Work order. Nothing in the copy should be a picture; everything else in the listing is to be restated exactly.

Raw data.
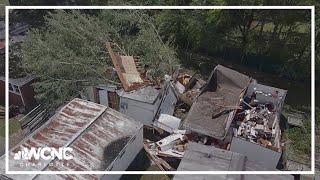 FEMA denies request for help after York County storms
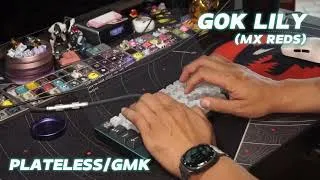 Thumbnail: Gok Lily R1 Soundtest + Back to Back vs Unikorn 2.1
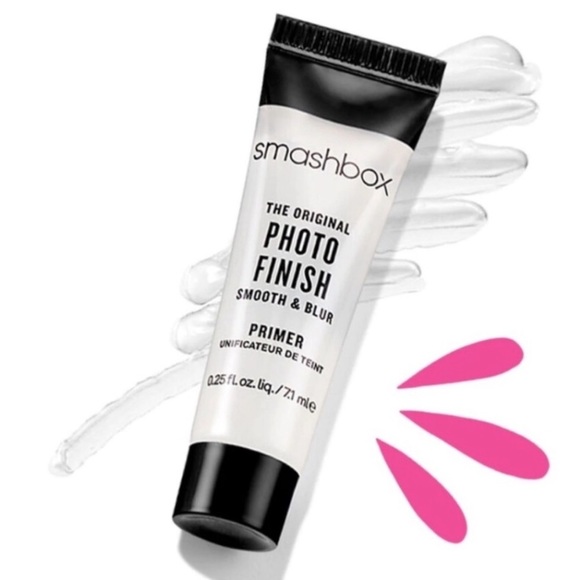 Smashbox Makeup Set & Makeup Bag - Picture 10 of 16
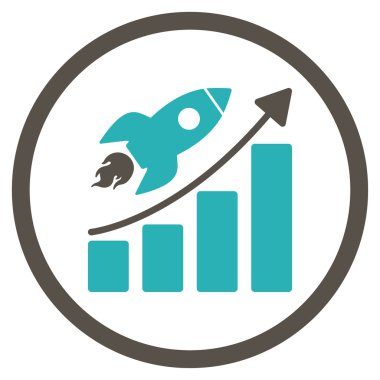 Başlangıç düz simgesi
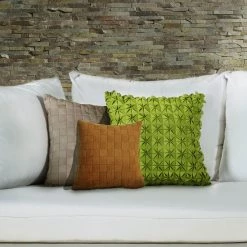 Mamagreen Weave Pillows 16 Mamagreen Weave Pillows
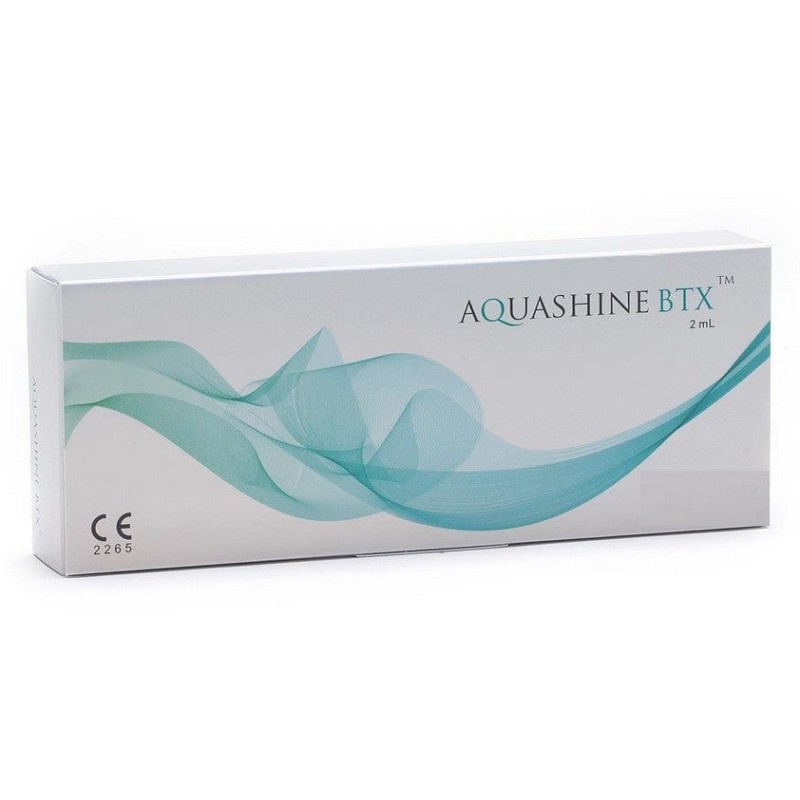 Aquashine PTX (BTX) 2mlx2 plus qu'un jeu 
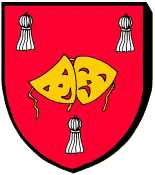 Blason : Pomponio
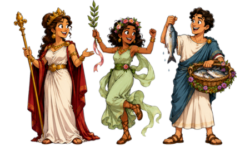 June Representation Uncover the Truth Behind Why June Is Named After Juno - Kasa De Franko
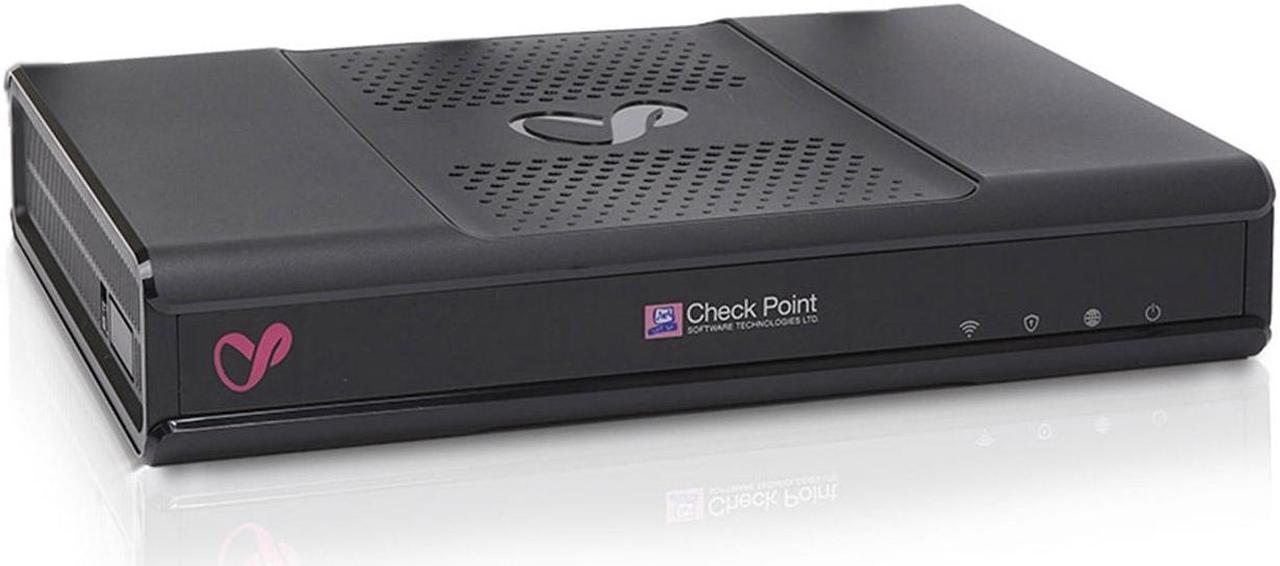 Check Point SG1530 Security switch + 3 year SNBT subscription Premium support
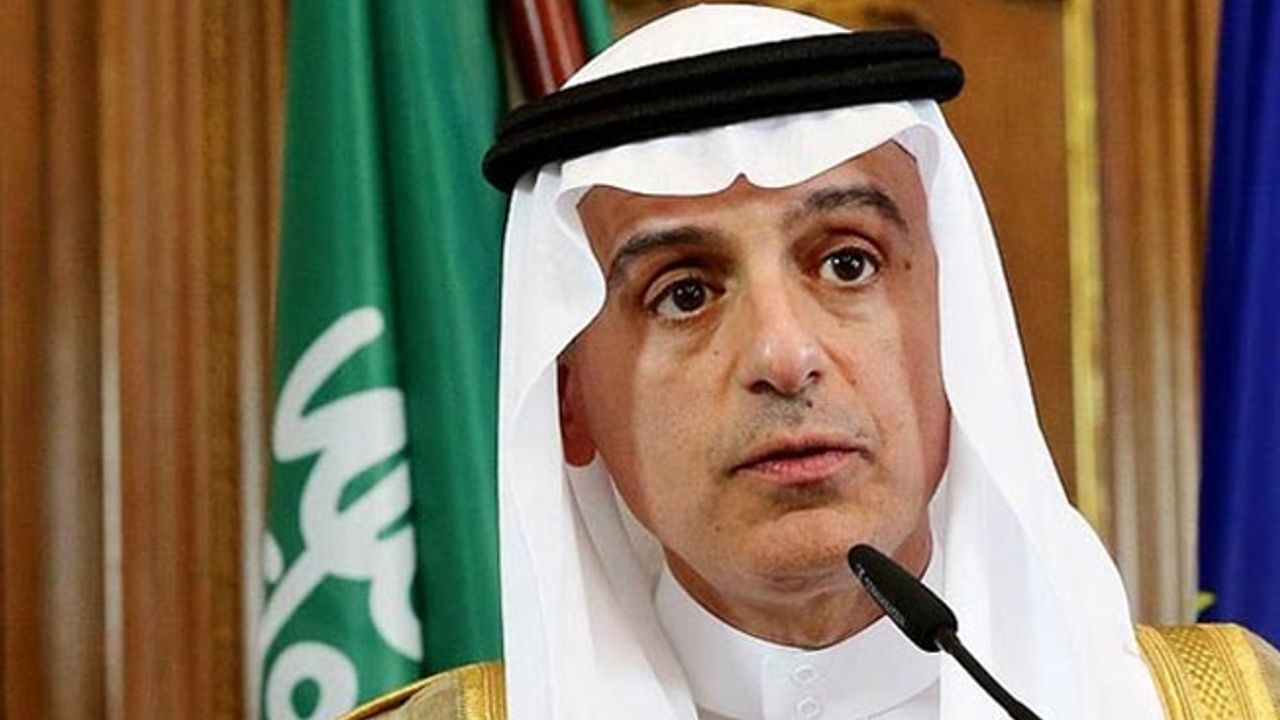 Suudi Arabistan'dan Katar'a: Bu bir savaş ilanıdır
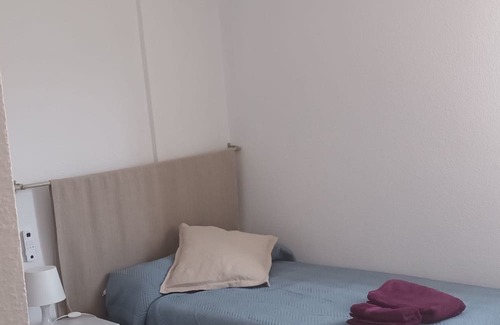 Pujaire Haus | Adosado con Piscina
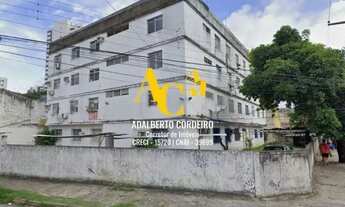 Imagem: Apartamento para alugar em Recife - Bairro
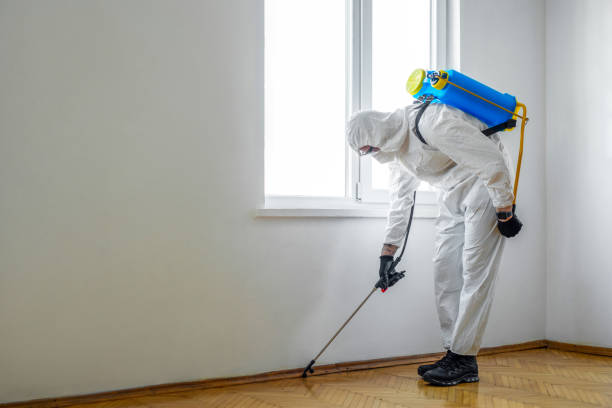 Pest Control for Restaurants in North Manchester, IN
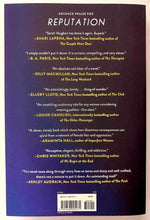 Load image into Gallery viewer, REPUTATION - Sarah Vaughan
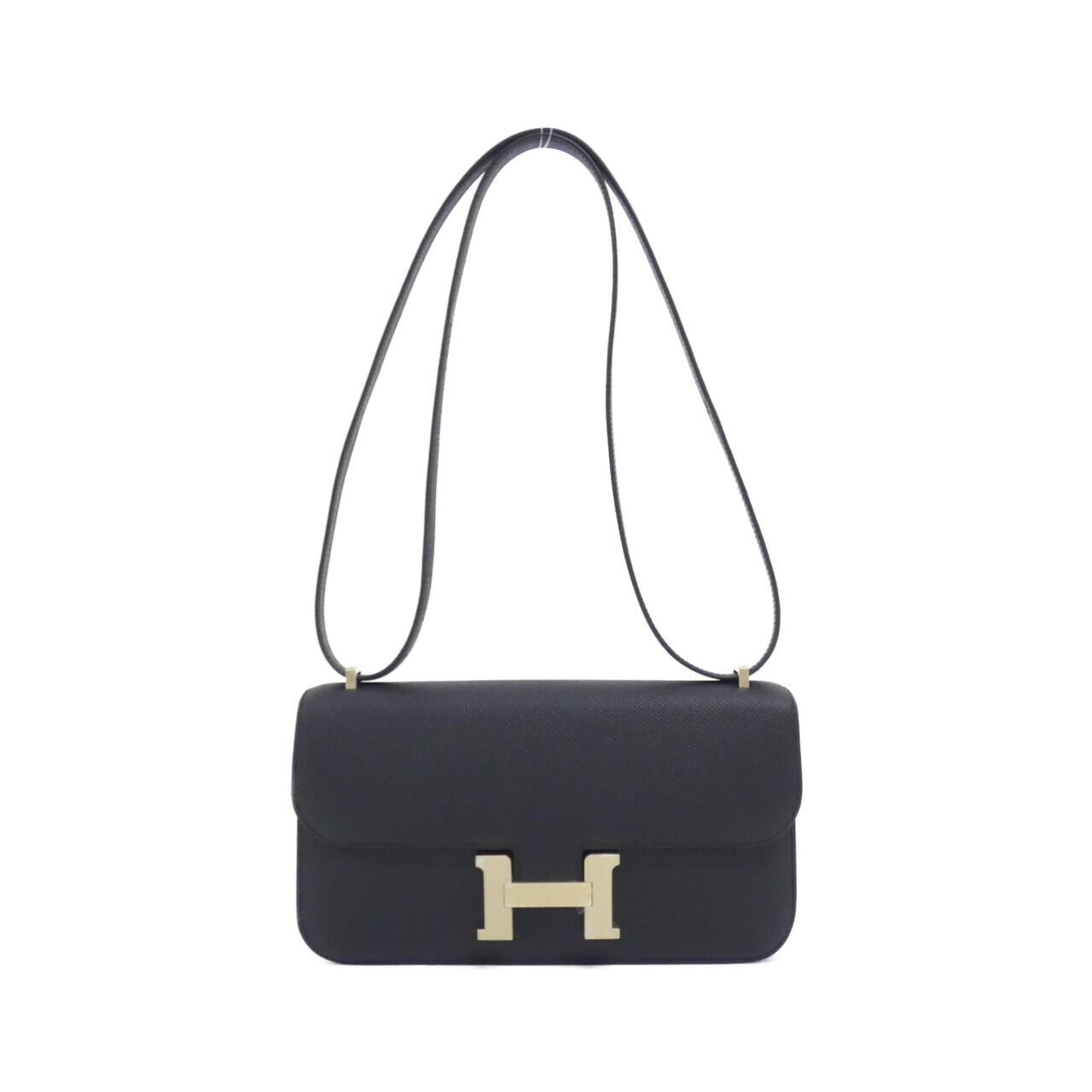 【未使用品】エルメス コンスタンス エラン ショルダーバッグ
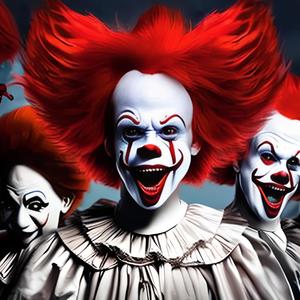 Pennywise Posse (Explicit)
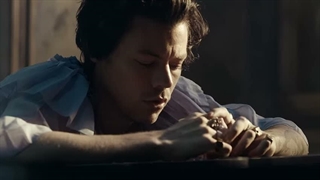Harry Styles - Falling / هری استایلز - سقوط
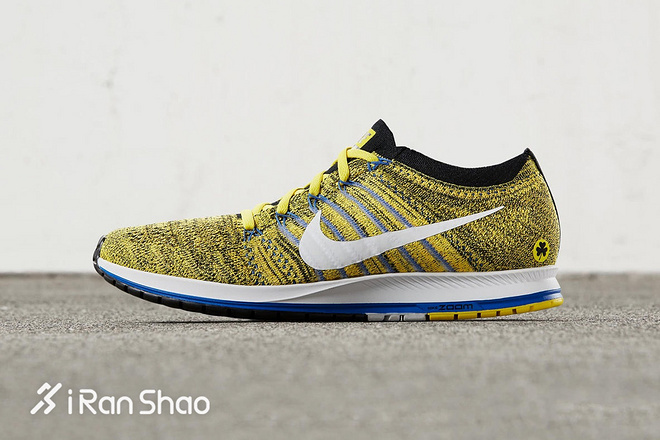 一周新鲜装备资讯 | 从水里捞出的中底 脚感更出色？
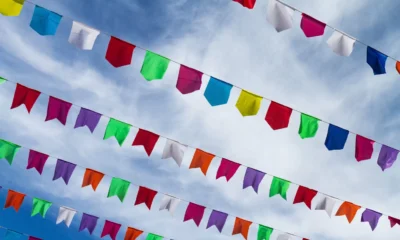 Celebrações Inesquecíveis - A Tradicional Festa de Santo Antônio em Indaiatuba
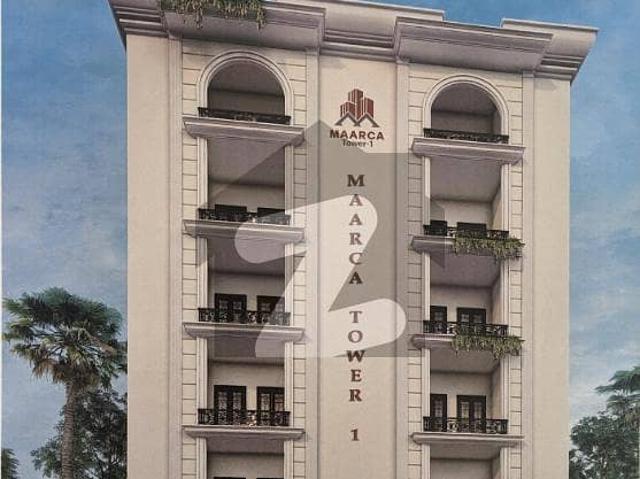 Apartment for sale in North Waziristan, Federally Administered Tribal Areas fata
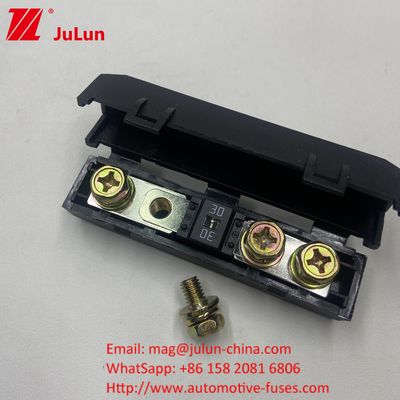 Productie Autospuithouder 3099022 Auto Body Chassis Engine Parts Wholesale Fuse Assembly For Brilliance H320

Reply.
 FEMA denies request for help after York County storms
 Thumbnail: Gok Lily R1 Soundtest + Back to Back vs Unikorn 2.1
 Smashbox Makeup Set & Makeup Bag - Picture 10 of 16
 Başlangıç düz simgesi
 Mamagreen Weave Pillows 16 Mamagreen Weave Pillows
 Aquashine PTX (BTX) 2mlx2 plus qu'un jeu 
 Blason : Pomponio
 June Representation Uncover the Truth Behind Why June Is Named After Juno - Kasa De Franko
 Check Point SG1530 Security switch + 3 year SNBT subscription Premium support
 Suudi Arabistan'dan Katar'a: Bu bir savaş ilanıdır
 Pujaire Haus | Adosado con Piscina
 Imagem: Apartamento para alugar em Recife - Bairro
 Pest Control for Restaurants in North Manchester, IN
 Load image into Gallery viewer, REPUTATION - Sarah Vaughan
 【未使用品】エルメス コンスタンス エラン ショルダーバッグ
 Pennywise Posse (Explicit)
Harry Styles - Falling / هری استایلز - سقوط
 一周新鲜装备资讯 | 从水里捞出的中底 脚感更出色？
 Celebrações Inesquecíveis - A Tradicional Festa de Santo Antônio em Indaiatuba
 Apartment for sale in North Waziristan, Federally Administered Tribal Areas fata
 Productie Autospuithouder 3099022 Auto Body Chassis Engine Parts Wholesale Fuse Assembly For Brilliance H320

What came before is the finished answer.